Multi Packaging Solutions Announces Third Quarter Results
Marc Shore, Chief Executive Officer, commented, “We are pleased with our third fiscal quarter and nine months results notwithstanding certain challenges. Our nine-month EBITDA results were a record $205 million with a record EBITDA margin of 15.9%. Further, we have significantly deleveraged our balance sheet which includes an additional $15 million voluntary debt prepayment on March 9, 2016.

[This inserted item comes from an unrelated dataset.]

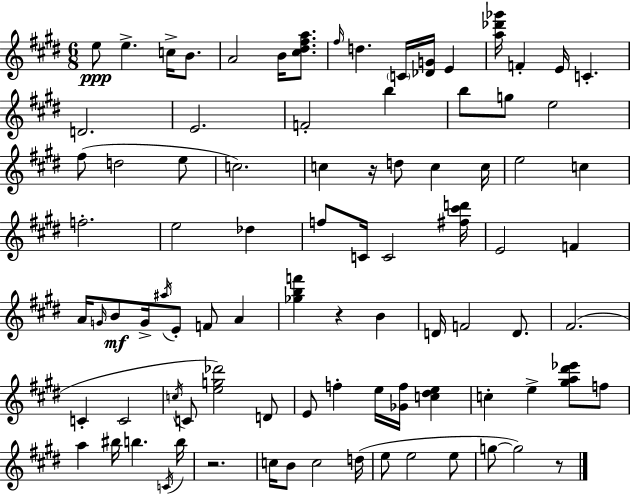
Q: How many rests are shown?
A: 4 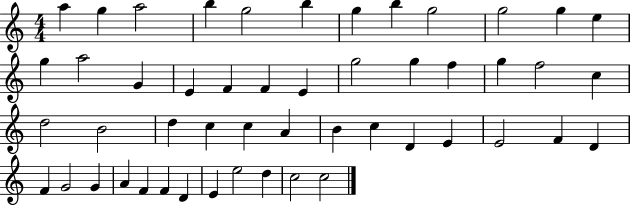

On the negative side, foreign exchange rates impacted EBITDA by $12.2 million year to date, the cold and flu season was soft, and certain consumer customers had lower than expected sales. On the positive side, global and cross selling sales initiatives are beginning to generate meaningful traction and operational improvements continue. We have successfully integrated our acquisitions, have achieved our original synergy targets, and will continue to optimize our operations over the next several quarters. For example, we have announced the intention to relocate our Stuttgart, Germany business and are working with the European Works Councils to this end. We expect to consolidate this facility into other existing facilities in Germany in order to better serve our customers and gain operational efficiencies. Our plans also include evaluating several other opportunities over the next few quarters in order to maximize the efficiency of our global manufacturing footprint. In connection with these plans, the Company expects to record $5 million of restructuring and closure cost charges over the next four quarters. We look forward to continued progress in global and cross selling sales initiatives, further self-help operational improvements and margin improvement, and opportunistic tuck–in acquisitions like Chicago Paper Tube in the quarters to come.